■ PROBLEM DESCRIPTION
The pictures do not go in the copy. Reproduce the rest of the entries exactly.

*** Opening of RECORDED INFORMATION ***

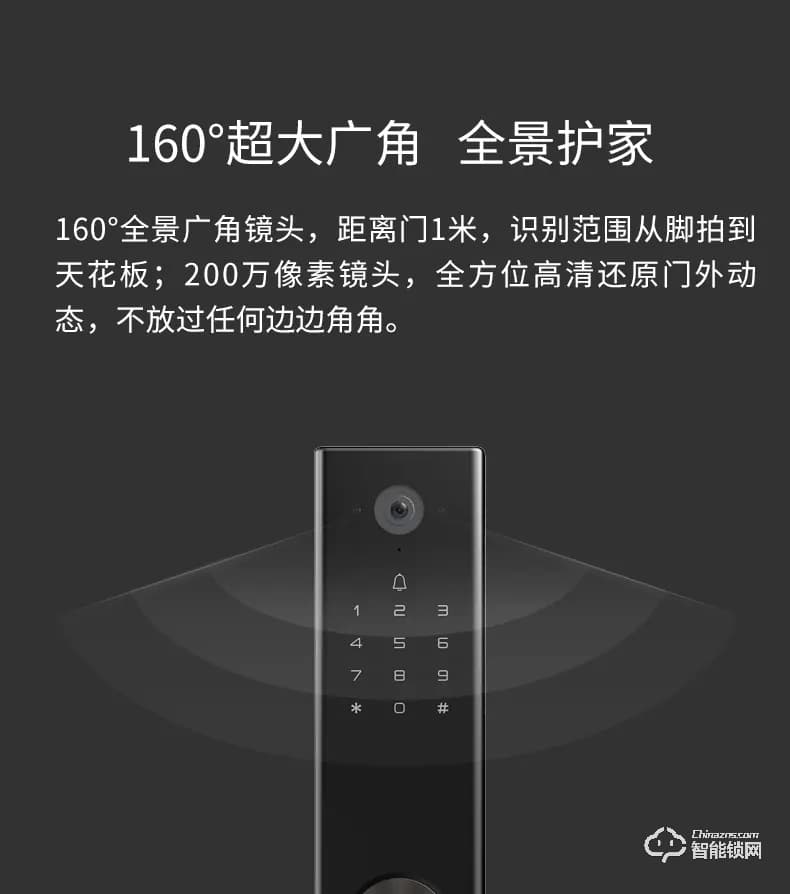 德施曼智能锁 V9直板一握开猫眼智能门锁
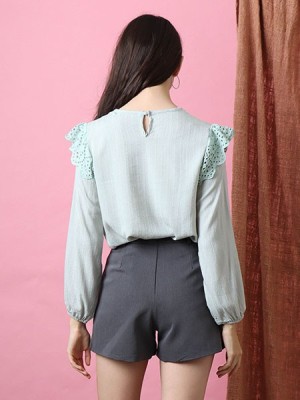 Cottage Core Embroidered Cut Top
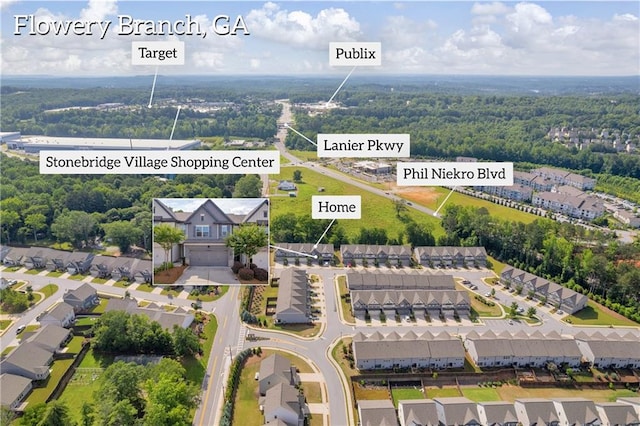 5615 Parkview Ln, Flowery Branch, GA 30542 - aerial perspective of suburban area with a forest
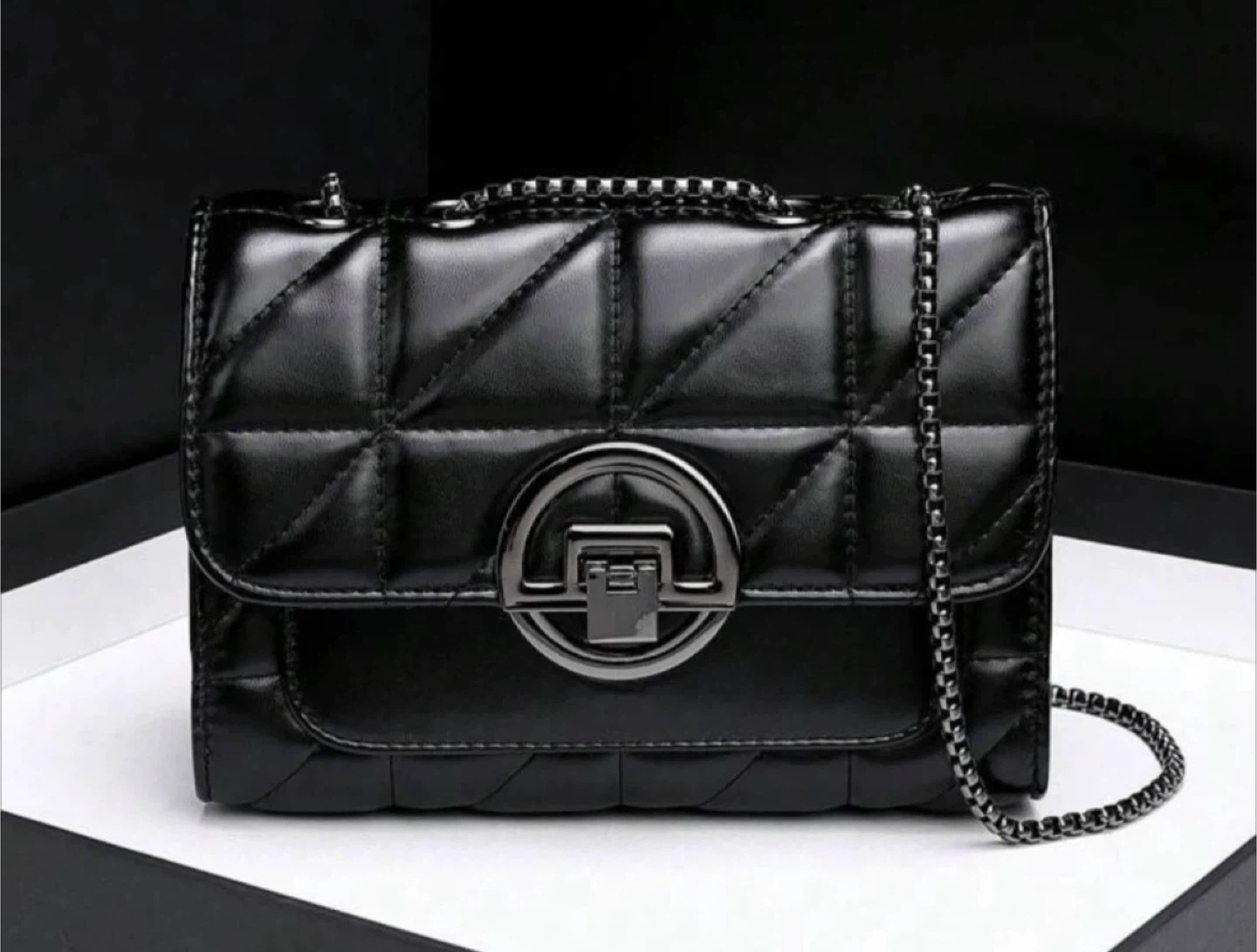 Black Quilted Shoulder Bag with Chain Strap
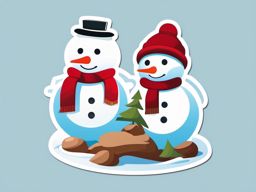 Snowman sticker, Frosty , sticker vector art, minimalist design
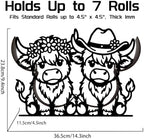 Highland Cow Toilet Paper Holder Wall Mount/Stand for Extra 8 Rolls - Image 2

*** Close of RECORDED INFORMATION ***

■ SOLUTION BELOW
 德施曼智能锁 V9直板一握开猫眼智能门锁
 Cottage Core Embroidered Cut Top
 5615 Parkview Ln, Flowery Branch, GA 30542 - aerial perspective of suburban area with a forest
 Black Quilted Shoulder Bag with Chain Strap
 Snowman sticker, Frosty , sticker vector art, minimalist design
 Highland Cow Toilet Paper Holder Wall Mount/Stand for Extra 8 Rolls - Image 2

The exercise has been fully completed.